Command input beings
Command input ends
Command output begins
Command output ends

By utilizing those hooks, kmux injects certain markers into the terminal output to indicate the beginning and the end of a command/output block. These markers are injected as ANSI escape sequences; they are invisible to humans and LLMs but allow us to programmatically identify the beginning/end of each command/output block.

Since these hooks are shell-specific, and zsh provides the most straightforward hook interface while also being almost identical to bash (the most popular shell) in syntax, we choose to stick with zsh at present.

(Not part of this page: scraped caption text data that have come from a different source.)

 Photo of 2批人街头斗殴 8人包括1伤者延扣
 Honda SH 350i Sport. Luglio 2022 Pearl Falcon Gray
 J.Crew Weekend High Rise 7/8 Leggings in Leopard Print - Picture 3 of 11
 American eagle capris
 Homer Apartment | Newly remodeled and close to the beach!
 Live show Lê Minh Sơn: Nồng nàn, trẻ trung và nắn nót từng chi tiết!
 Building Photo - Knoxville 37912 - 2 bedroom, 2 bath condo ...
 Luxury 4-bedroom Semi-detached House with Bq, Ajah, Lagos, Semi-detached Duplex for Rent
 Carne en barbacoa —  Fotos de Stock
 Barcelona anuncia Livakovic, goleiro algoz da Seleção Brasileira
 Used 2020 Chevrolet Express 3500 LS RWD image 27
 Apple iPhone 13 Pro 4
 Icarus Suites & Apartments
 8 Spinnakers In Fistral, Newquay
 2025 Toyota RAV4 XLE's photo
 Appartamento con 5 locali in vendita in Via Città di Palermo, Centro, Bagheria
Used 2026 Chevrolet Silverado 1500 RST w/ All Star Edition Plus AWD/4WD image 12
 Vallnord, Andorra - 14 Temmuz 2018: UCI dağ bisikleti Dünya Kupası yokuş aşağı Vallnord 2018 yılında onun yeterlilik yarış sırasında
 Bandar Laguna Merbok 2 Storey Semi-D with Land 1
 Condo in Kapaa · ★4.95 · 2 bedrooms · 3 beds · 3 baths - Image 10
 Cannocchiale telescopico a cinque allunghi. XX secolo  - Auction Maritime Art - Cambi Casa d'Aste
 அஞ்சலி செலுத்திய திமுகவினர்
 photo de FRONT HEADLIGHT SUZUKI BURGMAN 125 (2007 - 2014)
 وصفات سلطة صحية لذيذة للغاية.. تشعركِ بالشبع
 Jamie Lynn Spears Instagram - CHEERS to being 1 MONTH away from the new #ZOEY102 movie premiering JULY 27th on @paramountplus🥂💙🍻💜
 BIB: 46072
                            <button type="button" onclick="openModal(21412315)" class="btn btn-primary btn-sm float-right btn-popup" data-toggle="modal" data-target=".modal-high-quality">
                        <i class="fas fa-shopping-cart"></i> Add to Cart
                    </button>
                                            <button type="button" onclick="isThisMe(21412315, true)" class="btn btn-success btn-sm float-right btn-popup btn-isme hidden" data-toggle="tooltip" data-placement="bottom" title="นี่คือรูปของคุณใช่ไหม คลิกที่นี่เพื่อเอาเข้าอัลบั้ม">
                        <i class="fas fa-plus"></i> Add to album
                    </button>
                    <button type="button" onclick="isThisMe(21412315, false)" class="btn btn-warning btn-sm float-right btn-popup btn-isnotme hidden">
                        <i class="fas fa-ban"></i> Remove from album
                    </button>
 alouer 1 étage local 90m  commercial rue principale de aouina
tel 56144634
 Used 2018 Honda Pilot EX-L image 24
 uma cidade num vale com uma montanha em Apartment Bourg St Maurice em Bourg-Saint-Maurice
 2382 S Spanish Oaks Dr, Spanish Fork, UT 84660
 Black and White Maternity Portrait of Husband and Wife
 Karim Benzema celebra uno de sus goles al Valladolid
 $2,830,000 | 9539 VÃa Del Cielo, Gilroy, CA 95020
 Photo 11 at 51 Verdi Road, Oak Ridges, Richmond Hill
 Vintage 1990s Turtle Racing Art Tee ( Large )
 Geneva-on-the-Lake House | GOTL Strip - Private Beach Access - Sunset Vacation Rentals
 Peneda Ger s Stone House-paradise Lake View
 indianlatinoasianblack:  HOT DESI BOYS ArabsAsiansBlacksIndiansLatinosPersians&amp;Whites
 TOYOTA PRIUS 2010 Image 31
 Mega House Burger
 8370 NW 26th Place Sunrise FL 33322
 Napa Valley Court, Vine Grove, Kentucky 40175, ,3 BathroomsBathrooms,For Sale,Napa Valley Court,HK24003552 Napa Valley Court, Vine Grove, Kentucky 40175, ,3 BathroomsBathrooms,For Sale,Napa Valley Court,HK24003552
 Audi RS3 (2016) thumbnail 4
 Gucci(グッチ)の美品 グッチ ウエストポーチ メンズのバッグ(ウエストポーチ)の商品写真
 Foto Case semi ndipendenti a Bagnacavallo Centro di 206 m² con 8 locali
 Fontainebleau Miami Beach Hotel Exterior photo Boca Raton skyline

Semantic session management

Another kmux feature designed for AI ergonomics is its semantic session management system. Basically, kmux supports attaching a label (title) and a description (summary) to each shell session. These can be used to mark what a shell session is for.

When the LLM list the shell sessions, these labels & descriptions along with the session ID and the command currently running in each session are shown to the LLM, so that the LLM knows what is going on in each shell session without the need to see the full outputs.

This is useful because while humans would just look at the terminal screen and title, the only way for LLMs to get "metadata" of a terminal session is through a specific MCP tool. Hence, making the session listing MCP tool return not only the session IDs but also the metadata would make it much easier for LLMs to quickly know what is going on in each session and help them to decide what to do next.